Bright Eyes is a band that is headed by Conor Oberst. The other member of the band weren’t permanent and certain musicians would play on certain songs depending on what instruments would be used. In 1998 their second full length album was released, Letting Off The Happiness. The majority of this album was recorded in the basement of Oberst’s home on an analog eight track reel to reel. The lack of good recording quality added to the album’s sound. The sometimes rough sound goes well with Oberst’s quivering voice. The album is considered to be indie rock, but there is folk/country undertones in songs such as The Difference in the Shades.
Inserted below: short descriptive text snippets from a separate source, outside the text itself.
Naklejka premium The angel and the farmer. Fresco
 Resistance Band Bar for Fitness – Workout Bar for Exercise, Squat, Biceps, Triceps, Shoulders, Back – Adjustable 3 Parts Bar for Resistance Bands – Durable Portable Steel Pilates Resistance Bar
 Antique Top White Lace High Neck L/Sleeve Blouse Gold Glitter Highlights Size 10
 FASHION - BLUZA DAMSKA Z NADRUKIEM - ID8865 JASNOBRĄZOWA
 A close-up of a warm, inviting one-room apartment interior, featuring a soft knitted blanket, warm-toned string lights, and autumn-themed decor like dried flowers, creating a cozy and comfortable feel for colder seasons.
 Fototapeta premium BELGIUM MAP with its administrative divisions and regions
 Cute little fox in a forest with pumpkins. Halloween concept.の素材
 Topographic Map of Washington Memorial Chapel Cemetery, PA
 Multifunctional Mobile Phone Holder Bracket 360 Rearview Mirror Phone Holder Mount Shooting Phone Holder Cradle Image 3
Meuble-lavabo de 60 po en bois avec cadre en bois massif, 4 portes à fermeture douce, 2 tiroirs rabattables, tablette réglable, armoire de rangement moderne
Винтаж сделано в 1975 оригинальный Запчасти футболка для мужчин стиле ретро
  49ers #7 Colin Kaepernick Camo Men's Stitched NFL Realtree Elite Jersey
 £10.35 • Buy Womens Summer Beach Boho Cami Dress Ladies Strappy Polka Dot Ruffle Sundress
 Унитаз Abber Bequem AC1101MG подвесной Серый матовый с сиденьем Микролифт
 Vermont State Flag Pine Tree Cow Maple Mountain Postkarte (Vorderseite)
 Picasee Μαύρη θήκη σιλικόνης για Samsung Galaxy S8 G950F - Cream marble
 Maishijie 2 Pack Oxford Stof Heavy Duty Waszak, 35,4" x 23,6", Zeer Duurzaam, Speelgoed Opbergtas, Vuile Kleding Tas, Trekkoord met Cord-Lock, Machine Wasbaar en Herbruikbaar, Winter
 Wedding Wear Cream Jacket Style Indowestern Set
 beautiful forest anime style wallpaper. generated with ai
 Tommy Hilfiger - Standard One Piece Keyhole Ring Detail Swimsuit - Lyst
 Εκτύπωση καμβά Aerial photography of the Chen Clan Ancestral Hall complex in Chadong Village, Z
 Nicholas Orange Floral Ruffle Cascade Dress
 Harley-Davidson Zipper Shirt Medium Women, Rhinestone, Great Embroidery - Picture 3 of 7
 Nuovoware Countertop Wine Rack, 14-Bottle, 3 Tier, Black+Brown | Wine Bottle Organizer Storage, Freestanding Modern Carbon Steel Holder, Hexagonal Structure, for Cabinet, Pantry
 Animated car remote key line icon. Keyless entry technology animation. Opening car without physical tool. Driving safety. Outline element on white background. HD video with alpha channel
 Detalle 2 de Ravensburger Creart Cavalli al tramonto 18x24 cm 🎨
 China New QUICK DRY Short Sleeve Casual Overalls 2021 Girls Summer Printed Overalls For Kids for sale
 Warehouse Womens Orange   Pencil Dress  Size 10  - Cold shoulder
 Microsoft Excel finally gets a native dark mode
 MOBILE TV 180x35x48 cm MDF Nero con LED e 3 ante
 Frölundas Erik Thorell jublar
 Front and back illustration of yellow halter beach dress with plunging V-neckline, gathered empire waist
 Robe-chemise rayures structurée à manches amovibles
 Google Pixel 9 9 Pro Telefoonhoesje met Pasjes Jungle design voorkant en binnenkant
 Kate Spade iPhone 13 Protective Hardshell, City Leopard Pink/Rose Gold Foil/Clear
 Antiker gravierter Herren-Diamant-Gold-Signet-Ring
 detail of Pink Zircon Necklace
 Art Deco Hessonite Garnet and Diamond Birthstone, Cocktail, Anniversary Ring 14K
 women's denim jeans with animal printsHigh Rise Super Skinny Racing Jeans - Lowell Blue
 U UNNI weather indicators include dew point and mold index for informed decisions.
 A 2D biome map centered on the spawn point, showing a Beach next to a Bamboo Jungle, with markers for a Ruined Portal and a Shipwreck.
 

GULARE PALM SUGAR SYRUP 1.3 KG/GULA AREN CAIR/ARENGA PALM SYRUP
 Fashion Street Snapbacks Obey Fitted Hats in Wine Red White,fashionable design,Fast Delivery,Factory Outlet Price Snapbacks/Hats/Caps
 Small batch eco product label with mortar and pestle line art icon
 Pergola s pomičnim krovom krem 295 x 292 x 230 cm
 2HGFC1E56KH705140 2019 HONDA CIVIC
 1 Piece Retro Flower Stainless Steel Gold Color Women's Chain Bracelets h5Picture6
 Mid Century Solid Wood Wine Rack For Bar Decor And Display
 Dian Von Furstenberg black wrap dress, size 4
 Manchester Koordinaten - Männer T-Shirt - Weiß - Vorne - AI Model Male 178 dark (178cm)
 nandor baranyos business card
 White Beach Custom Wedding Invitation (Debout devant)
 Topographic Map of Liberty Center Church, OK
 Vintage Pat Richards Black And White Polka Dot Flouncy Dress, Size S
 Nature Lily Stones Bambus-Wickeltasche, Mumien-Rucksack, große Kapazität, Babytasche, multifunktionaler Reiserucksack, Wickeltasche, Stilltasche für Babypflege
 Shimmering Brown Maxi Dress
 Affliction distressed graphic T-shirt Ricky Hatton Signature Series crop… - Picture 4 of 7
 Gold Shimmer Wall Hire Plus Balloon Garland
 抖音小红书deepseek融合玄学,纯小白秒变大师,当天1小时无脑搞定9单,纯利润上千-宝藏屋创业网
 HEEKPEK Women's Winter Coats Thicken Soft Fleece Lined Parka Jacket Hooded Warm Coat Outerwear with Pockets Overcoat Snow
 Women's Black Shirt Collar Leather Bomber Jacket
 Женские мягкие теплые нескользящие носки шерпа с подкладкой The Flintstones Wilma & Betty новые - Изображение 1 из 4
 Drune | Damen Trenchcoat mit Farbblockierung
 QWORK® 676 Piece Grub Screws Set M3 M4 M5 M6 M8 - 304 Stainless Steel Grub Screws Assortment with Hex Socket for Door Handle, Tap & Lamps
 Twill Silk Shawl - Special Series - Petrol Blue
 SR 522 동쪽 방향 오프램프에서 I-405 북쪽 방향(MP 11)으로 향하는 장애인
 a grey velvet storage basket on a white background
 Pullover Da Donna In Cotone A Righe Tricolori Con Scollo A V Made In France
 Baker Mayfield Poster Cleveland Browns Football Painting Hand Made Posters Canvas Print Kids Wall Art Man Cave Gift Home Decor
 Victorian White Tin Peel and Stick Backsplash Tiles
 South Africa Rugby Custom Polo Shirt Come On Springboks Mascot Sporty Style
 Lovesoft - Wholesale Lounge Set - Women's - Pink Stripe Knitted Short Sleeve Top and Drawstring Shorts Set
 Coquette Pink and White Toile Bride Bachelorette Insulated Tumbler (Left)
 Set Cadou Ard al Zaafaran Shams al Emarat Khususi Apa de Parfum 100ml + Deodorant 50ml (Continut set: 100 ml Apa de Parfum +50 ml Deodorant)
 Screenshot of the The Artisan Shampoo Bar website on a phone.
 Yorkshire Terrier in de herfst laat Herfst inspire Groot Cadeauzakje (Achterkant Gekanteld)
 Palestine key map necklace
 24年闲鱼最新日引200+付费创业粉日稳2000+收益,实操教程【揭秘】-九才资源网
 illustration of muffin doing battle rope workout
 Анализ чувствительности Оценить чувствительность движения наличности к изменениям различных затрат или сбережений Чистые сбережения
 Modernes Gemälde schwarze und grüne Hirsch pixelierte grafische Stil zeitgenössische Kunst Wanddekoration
Letting Off The Happiness isn’t much like Bright Eyes’ later albums, but the low recording quality is similar to their first full length album, as is the use of a variety of instruments and sometimes unidentifiable sounds. My favorite song on this album is the very first track, If Winter Ends. This song begins with a high-pitched buzzing, random static-like noises, and a sample of children shouting before going into the song that consists of a keyboard, acoustic guitar, and Oberst’s vocals. The lyrics are full of emotion as Oberst sings about having a “cold, winter-set heart” and wanting to be taken to the “perfect spring”, but he doesn’t seem to believe that this exists so he adds “just lie to me and say it’s gonna be alright”. Along with this, the lyrics are self-deprecating and full of doubt, yet they’re comforting in the way they make you feel less alone if you feel the same way.
Contrast and Compare is my second favorite song and it is the third track on the album. It sounds more folk than the first song with a pedal steel guitar, but there area couple instruments used that you wouldn’t typically hear such as the melodica and air organ. Oberst is accompanied by Neely Jenkins of Tilly and the Wall for the vocals, and I love the way their voices sound together. They compliment each other very well and make beautiful harmonies. The lyrics do an amazing job of painting a picture of someone with depression who doesn’t want to address it. The lyrics are full of sadness, but also apathy. My favorite line is the very last one, “I just try to smile and say everything’s fine”, which is followed by a scream. I love this because it represents how he actually feels.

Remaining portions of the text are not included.